*** Data Section Begins ***

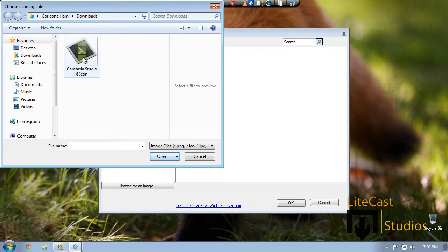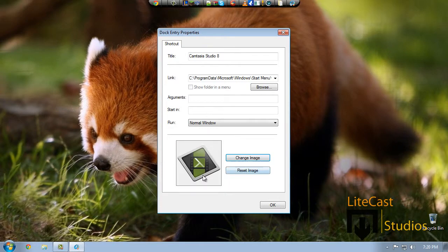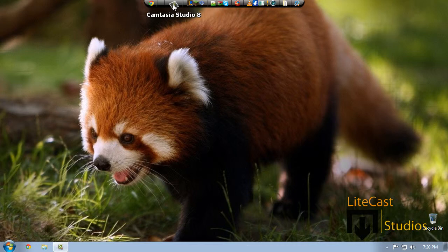It doesn't really matter about how big it is. As you can see, this is a pretty big file — it's actually 200 by 136 or something. You click Open, and then it'll change it, and you click OK. And now you have successfully changed your Camtasia Studio 8, or whatever icon, for your object dock shortcut.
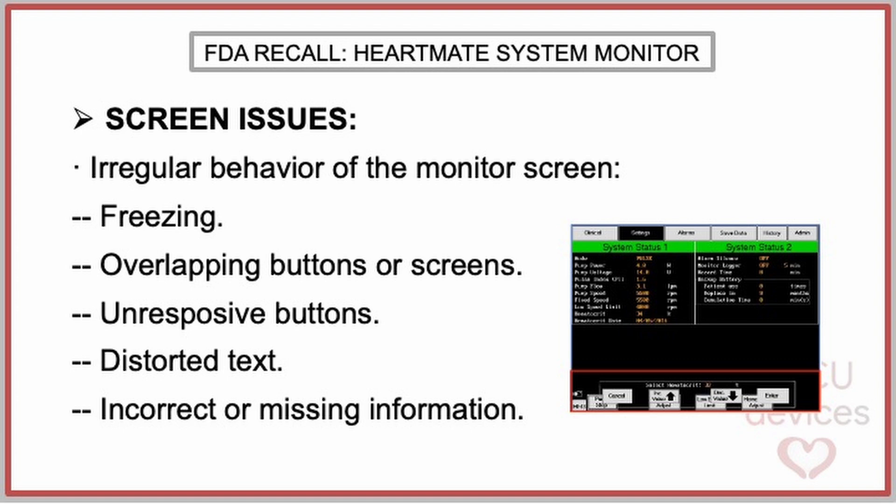The company has alerted about an irregular behavior of the monitor screen. These issues include screen freezing, overlapping buttons or screens, unresponsive buttons, distorted text or graphics, and incorrect or missing information on the display.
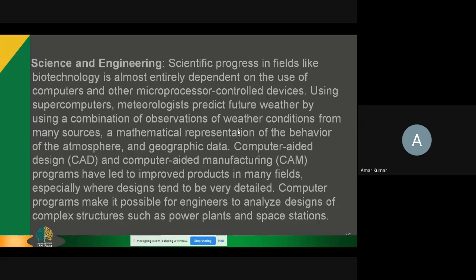There are several automated machines available in the market through which products are manufactured, and only one person is necessary to operate such an automated machine. These things happen because of information technology. Even in the designing process, to design a motor vehicle, information technology is mandatory. In a space station or power plant, there are complex designs to be analyzed, and all these things are possible because of information technology.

*** Data Section Ends ***

Goal of the exercise → Reproduce the data above without a single change, please, but without its pictures.

Written reply →
It doesn't really matter about how big it is. As you can see, this is a pretty big file — it's actually 200 by 136 or something. You click Open, and then it'll change it, and you click OK. And now you have successfully changed your Camtasia Studio 8, or whatever icon, for your object dock shortcut.
The company has alerted about an irregular behavior of the monitor screen. These issues include screen freezing, overlapping buttons or screens, unresponsive buttons, distorted text or graphics, and incorrect or missing information on the display.
There are several automated machines available in the market through which products are manufactured, and only one person is necessary to operate such an automated machine. These things happen because of information technology. Even in the designing process, to design a motor vehicle, information technology is mandatory. In a space station or power plant, there are complex designs to be analyzed, and all these things are possible because of information technology.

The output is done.